Sans plus attendre, elle résolut de tenter un essai le jour même et cueillit à cet effet plusieurs branches de cotonnier. Le soir, à la lueur de la lampe, elle enleva le duvet qui recouvrait les graines, l'éplucha, le peigna et se mit à le filer à l'aide d'un petit bâton pointu qui lui tenait lieu de fuseau. Comme ce travail lui était familier, elle parvint à fabriquer des fils minces, égaux et solides. Elle résolut de consacrer à cette besogne une heure par jour et d'employer la future saison pluvieuse à la confection de son linge.

CHAPITRE XXX

Une araignée extraordinaire.—Les écrevisses géantes.—Victoria regia.—Les jaillisseurs.—L'apparition du Brocken.—Le journal d'une fillette.

Depuis longtemps, Hélène nourrissait le projet de faire le tour de l'île, pour achever la connaissance de son royaume. Sachant que cette exploration lui prendrait au moins deux jours, elle approvisionna, dès la veille, ses chèvres de fourrage et de sel.
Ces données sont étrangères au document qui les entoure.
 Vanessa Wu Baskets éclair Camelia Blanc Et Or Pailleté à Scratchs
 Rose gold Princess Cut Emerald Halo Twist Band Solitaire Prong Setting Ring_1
Le lendemain, elle se leva dès l'aube, prit pour deux jours de pain et de dattes sèches et, accompagné de son inséparable «Petit ami», se rendit dans la forêt par le même chemin qu'elle avait pris trois mois auparavant pour revenir la nuit, avec les scarabées phosphorescents.

La matinée était splendide. Pas un nuage dans le ciel. Hélène traversa la forêt et la Vallée des Chèvres et gravit le versant opposé. Partout ses regards rencontraient de grands bois, coupés de petites clairières à la verdure fraîche et veloutée.

Elle descendit la montagne et fit halte auprès d'un petit ruisseau pour se réconforter avec un déjeuner frugal. A ses pieds était couché «Petit ami», qui suivait curieusement du regard les petits oiseaux voltigeant au-dessus de la jeune fille.

Tout à coup Hélène vit, à deux pas d'elle, la terre remuer, et une sorte de petit couvercle se souleva, d'où émergea une petite araignée.

La jeune fille retint son souffle, sans détacher son regard de ce point. Mais l'araignée s'était évidemment aperçue d'un voisinage dangereux; elle disparut rapidement et le couvercle de terre retomba sur elle. Ce couvercle s'harmonisait si bien avec la couleur du sol que, si Hélène ne l'avait pas vu s'ouvrir, elle ne l'aurait jamais remarqué.